● Dataset excerpts:
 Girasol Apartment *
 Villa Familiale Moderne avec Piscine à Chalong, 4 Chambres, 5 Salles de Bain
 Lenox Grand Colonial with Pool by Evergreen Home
==
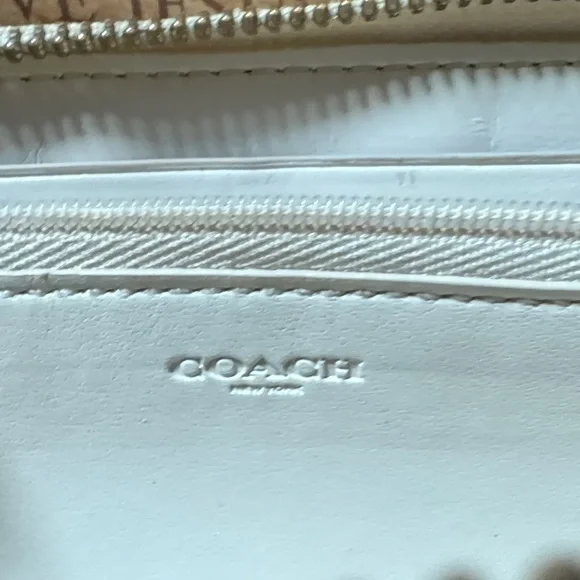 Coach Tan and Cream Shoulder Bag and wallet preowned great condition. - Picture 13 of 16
--
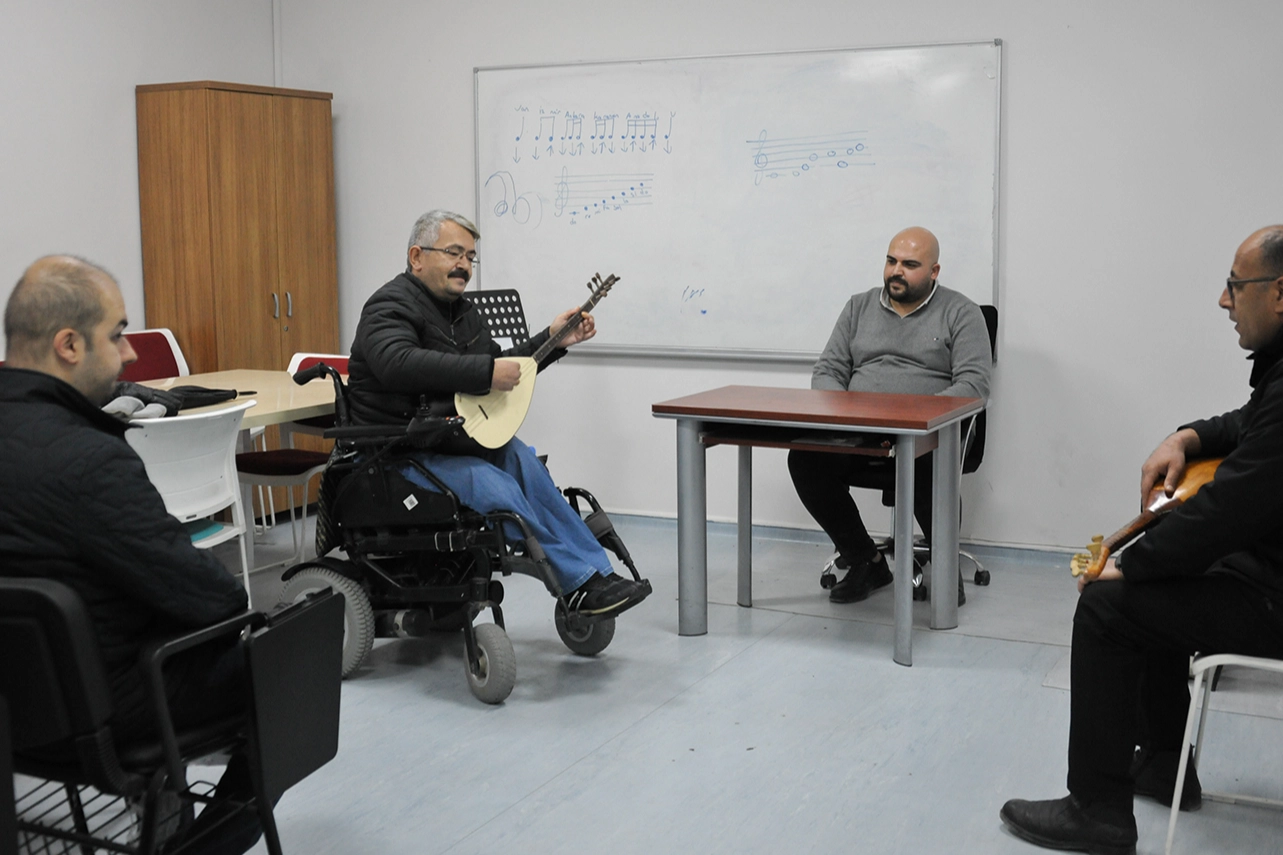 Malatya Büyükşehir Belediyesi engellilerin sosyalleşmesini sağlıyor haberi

● Task:
Starting at the line that contains "Villa Familiale Moderne" and stopping after the line that contains "Lenox Grand Colonial", write out every line exactly as it appears above, and no other line.

● Result for this task:
 Villa Familiale Moderne avec Piscine à Chalong, 4 Chambres, 5 Salles de Bain
 Lenox Grand Colonial with Pool by Evergreen Home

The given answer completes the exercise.